I realized something in Sunday School yesterday that I'm not happy about. The word "justice" -- especially the phrase "social justice" -- when it is used by fellow Christians sets alarms off in my brain.
I'm not happy at that discovery. It shouldn't be so. And yet it is.
"Justice" is one of the attributes of God. God is just; even more, God IS justice. Our only conception of the idea of justice comes from God's interaction with us through the law. It's not like it's a cuss word or anything.
But it has seemed to become a buzzword for a certain segment of the Christian world, a segment that I have unfortunately often disagreed with on a variety of issues, issues that those brothers and sisters promoted in the name of "social justice." I sat yesterday and tried to pinpoint for myself again what all it was I disagreed with them on . . . and I had a hard time doing so. The biggest differences were political, I think. My social-justice-loving Christian friends seem to also want to use the government as a means to achieve this social justice, which I often question the wisdom of.
It was when Obamacare was being debated that I found myself mentally setting apart a camp of people (Christian and nonChristian) who seemed to be all about "social justice" and seemed to be getting it all wrong.

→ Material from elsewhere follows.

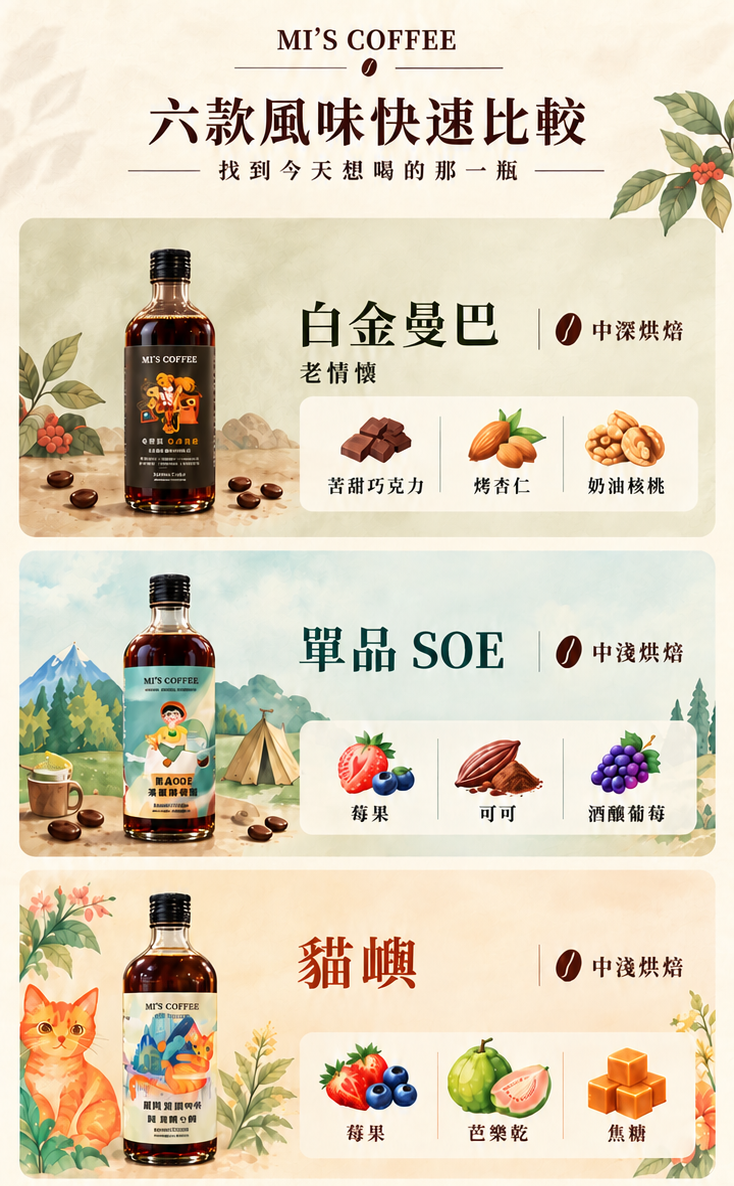 好事成雙濃縮咖啡禮盒 500ml 兩瓶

It went like this: As much as I am concerned about making good health care available to all who need it, I was very reluctant about Obamacare (and still am). Admittedly, the people on "my side" of the argument had not approached the problem which much sense of urgency, to their shame. But Obamacare didn't seem to be the answer. I saw too many problems with the proposed system. It just didn't seem to be the best way to do this; it seemed to be an emotional, rushed reaction to the problem.
But the real stunner was the reaction I got from social-justice-touting friends when I expressed my concerns. Rarely were those concerns addressed in a reasonable manner. I was called selfish. Completely uncompassionate. Unchristian. Clearly unchristian. I was told I obviously hated poor people. Obviously. I was called a spoiled rich girl who had never had to suffer in my life and so my opinion had no validity in this debate.
Yes. Those very things were said to me. Often implied, but sometimes directly and bluntly. And it hurt me and angered me.
And so, my social-justice-promoting Christian friends got put in a mental box in my mind: they are WRONG. They are wrong about me, they are wrong about Obamacare, they are wrong, wrong, wrong about so many, many things. It was an emotional reaction, and it kept me from seeing what they were right about.
Which, I imagine, is exactly what they did to me, too.
I still get alarms up when my Christian friends start talking "justice" too much . . . partly because I think in the fight for justice, they often forget the need for "justification" (as we eventually got to in our Sunday School lesson). And I acknowledge that in my corner, the pendulum often swings too far in one direction, too. But I was reminded yesterday of how past wounds and personal feelings can color our "theology" and make us haughty. And wrong.
God gave us emotions, and they motivate us to act, which is good. But even our emotions are fallen and cannot be trusted alone. The heart is deceitful above all things, Jeremiah tells us. We would all do well to remember that. I'm trying to, at least.